Wednesday, March 5, 2014

Solitary nonconfinement



Often, some of the external symptoms, like endless and inappropriate talking with hypomania and excessively depressing commentary with depressive states, can push others who don't understand away. Throw that on top of the stigma that mental illness very wrongly carries, and you have a recipe for being quite alone. One look at today's photo should give a pretty clear idea of what I mean. The rocks symbolize a wall that gets built after years of losing friends and relationships and unintentionally pushing people away. For me, it became an automatic defense-be crazy and nobody will come close, so I wouldn't have to endure people walking out. Snow and ice can be the inhospitable environment created by the stigma that all of us with mental illnesses face on some level.

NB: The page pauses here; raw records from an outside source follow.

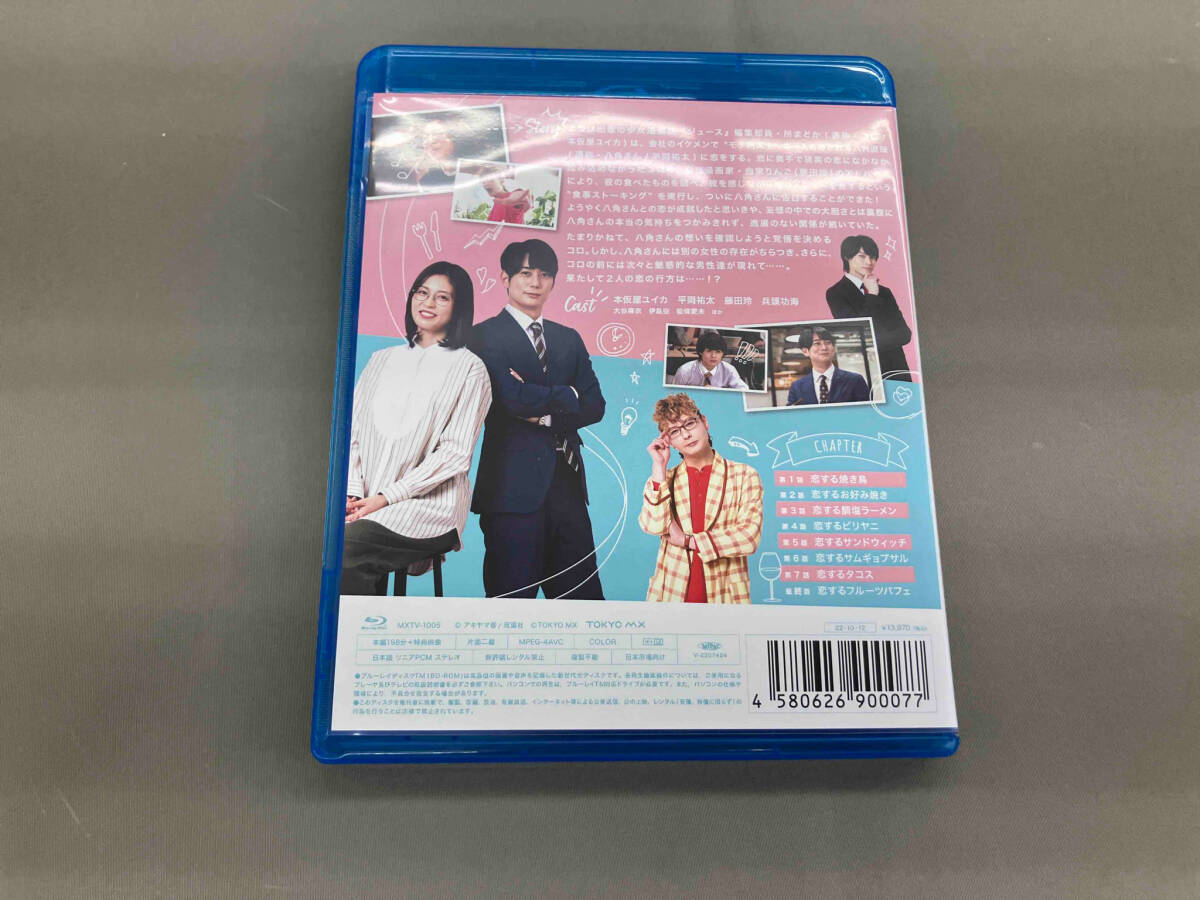 片恋グルメ日記2(Blu-ray Disc)_画像2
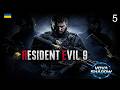 RESIDENT EVIL 9 🔥 ПОВЕРНЕННЯ ЖАХУ | НОВИЙ КОШМАР ПОЧИНАЄТЬСЯ! 👁️‍🗨️(5)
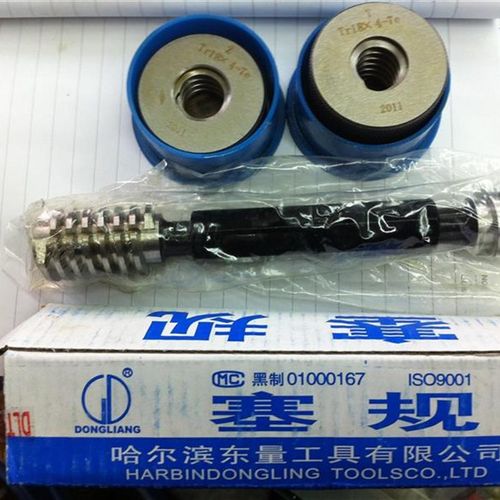 速发公左梯形螺纹塞规环规TR22*5TR24*5通R26*5TR28*5制梯形螺纹T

Stigma is one of my biggest irritants. Sure, there's little jokes here and there, and I'm not THAT thin skinned, but the fact of the matter is people just don't understand and so many just don't care to. Worse than that, there's the segment that assume that mental illness makes an individual either a bad, immoral person, or incapable of raising children. If you're reading this, do me, your friends, your neighbors, and maybe even your significant other, a favor and take a moment to try and get into the mindset of someone suffering from mental illness. The majority of people suffering from one (even depression is characterized as a mental illness) don't even realize they are. I'm lucky that I have someone who knew to send me to get help, but not everyone does.